Dr. Rachel Lane is a Radiation and Health Sciences Specialist (epidemiology) with the Canadian Nuclear Safety Commission and an adjunct professor at Carleton University. Her research focuses on the health effects of occupational and environmental radiation exposure. Dr. Lane has been an advisor for Canada to the United Nations Scientific Committee on the Effects of Atomic Radiation (UNSCEAR) since 2006.

Kristi Randhawa

Kristi Randhawa is a Radiation and Health Sciences Officer (epidemiology) with the Canadian Nuclear Safety Commission. Her research involves studying the health effects of ionizing radiation exposure, particularly exposure to low doses of radiation or radiation delivered at low dose rates.
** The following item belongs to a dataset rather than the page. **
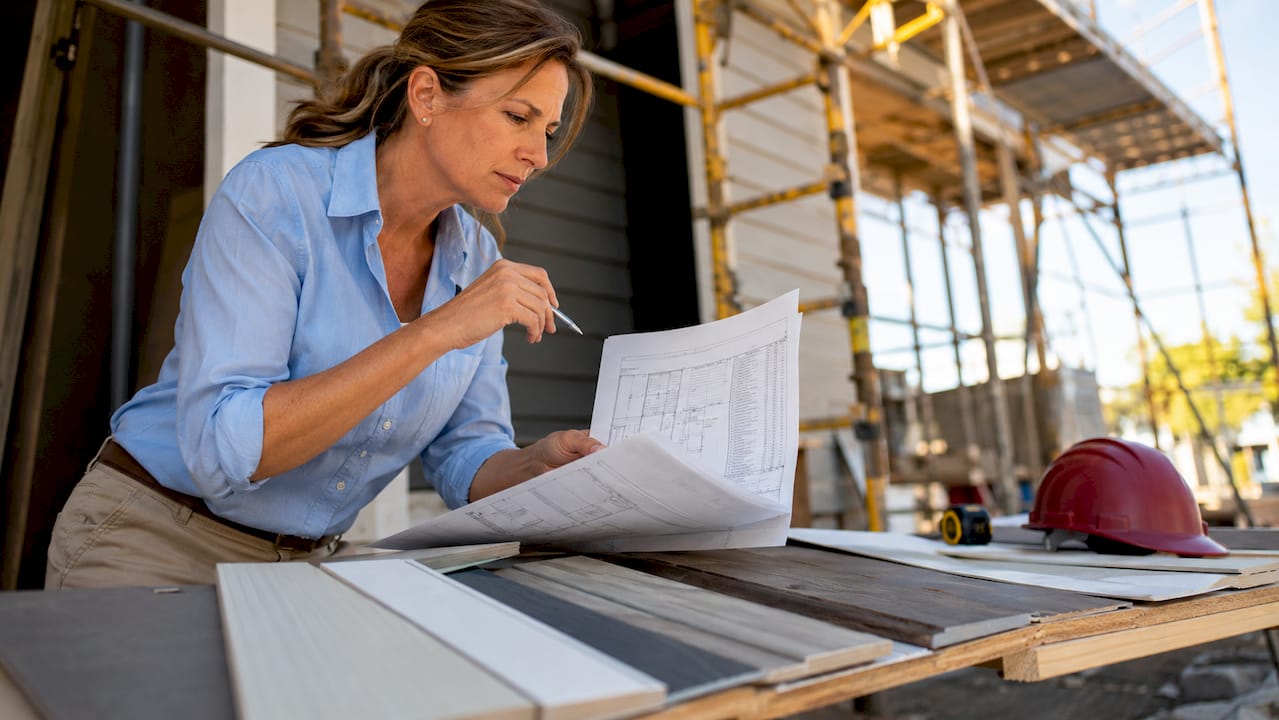 You are currently viewing How to Plan a Commercial Siding Replacement Project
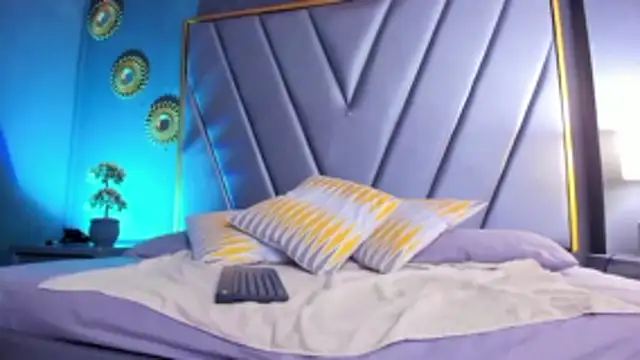 Snapshot of BrendaAdams_ chatting on November 21, 2025, 10:58 am BrendaAdams online show from November 21, 2025, 10:58 am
She works as a coordinator and advisor for various research projects and working groups including for the International Society of Radiation Epidemiology and Dosimetry (ISoRED).

Ruth Wilkins

Dr. Ruth Wilkins is the Division Chief of the Ionizing Health Sciences Division at Health Canada. She is an alternate representative of the United Nations Scientific Committee on the Effects of Atomic Radiation (UNSCEAR).

Debora Quayle

Debora Quayle is section head of the Radiation Health Assessment Division at Health Canada. She is a member of the Canadian Delegation on the OECD Nuclear Energy Agency Committee of Radiological Protection and Public Health.